§ WORK ITEM
A word-for-word reproduction of the data below is needed, with no pictures in it.

§ DATA BELOW
===============
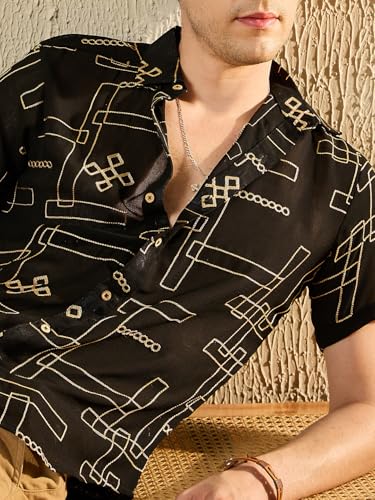 Image of Modeve Men Shirt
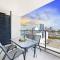 Reef-side Splendour City Vistas - Pool - Workspace - Darwin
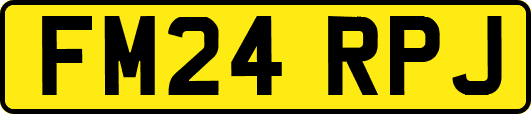 FM24RPJ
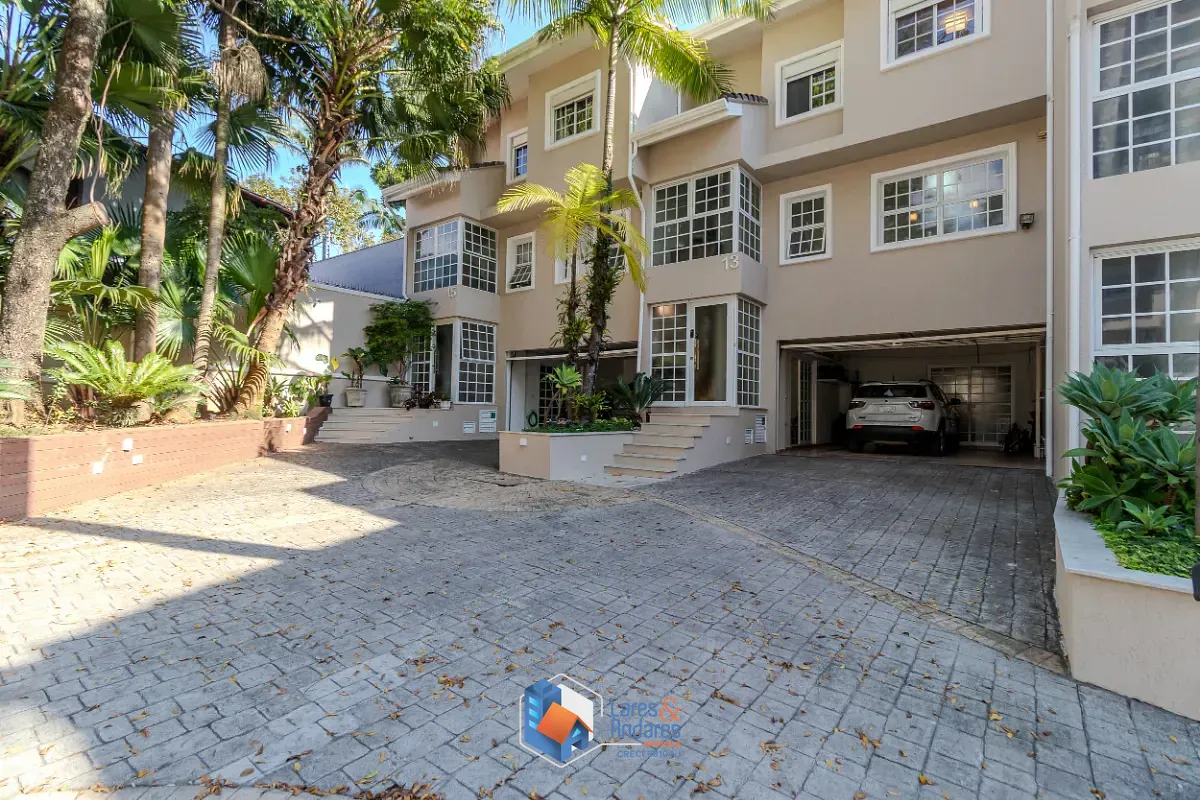 Casa, 5 quartos, 329 m² - Foto 49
===============
§ ANSWER BOX
 Image of Modeve Men Shirt
 Reef-side Splendour City Vistas - Pool - Workspace - Darwin
 FM24RPJ
 Casa, 5 quartos, 329 m² - Foto 49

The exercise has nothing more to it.